Author: Corbin Devlin
A Common Mistake
A surprisingly common mistake made by owners and contractors alike is to use a stipulated price contract form for a unit price contracting arrangement. That is, I frequently see contracts that attach a schedule of unit prices to a form that is otherwise clearly intended for use with a stipulated (lump sum) contract price. This creates uncertainty in the contract terms, which increases the chances of dispute and litigation.

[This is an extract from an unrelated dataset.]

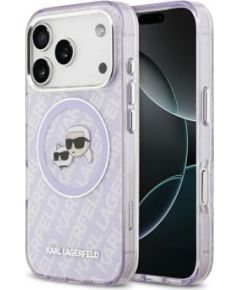 Karl Lagerfeld Apple  iPhone 17 Pro Silicone case with Magsafe K&C Heads Logo Purple Neoriģinālie Maciņi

The Difference Between Them
The terms and conditions of unit price and stipulated price contracts are generally very similar. After all, a unit price is a stipulated price; i.e. the price (per unit of measurement) is fixed, subject only to determination of the total quantity of work. On the other hand, there are a couple of important terms required in a unit price contract, beyond the schedule of unit prices, that are not found in a stipulated price contract. A unit price contract requires provisions for measurement of quantities (What is the basis of measurement? Who is responsible to determine quantities for payment?), and for certifying progress payments (usually based on estimated quantities, subject to adjustment upon completion). A unit price contract may also have unique provisions relating to changes in the work (e.g. Are unit prices subject to adjustment if the quantities of work are substantially increased?).
The Potential for Dispute
It is not uncommon to have some disagreement over final quantities in a unit price contract. Such disagreement can turn into litigation when there are no clear contract provisions relating to the determination of quantities for payment. Quite simply, a contract that refers to an overall stipulated price, and then attaches a schedule of unit prices, may be ambiguous. Ambiguity as to a key contract term (price) may invalidate a contract. Attaching a schedule of unit prices does not obviously make it a unit price contract; it is equally possible to have a lump sum contract that attaches a schedule of prices intended to apply only to changes in the work. The parties may have it clear in their minds which of these scenarios is intended. I have unfortunately seen it come to pass, more than once, that one party believes they have signed a unit price contract while the other party believes it to be a lump sum contract (with unit pricing only for changes in the work). The contract documents can often be interpreted either way. Use of the right contract form could have avoided dispute and legal expense in these cases.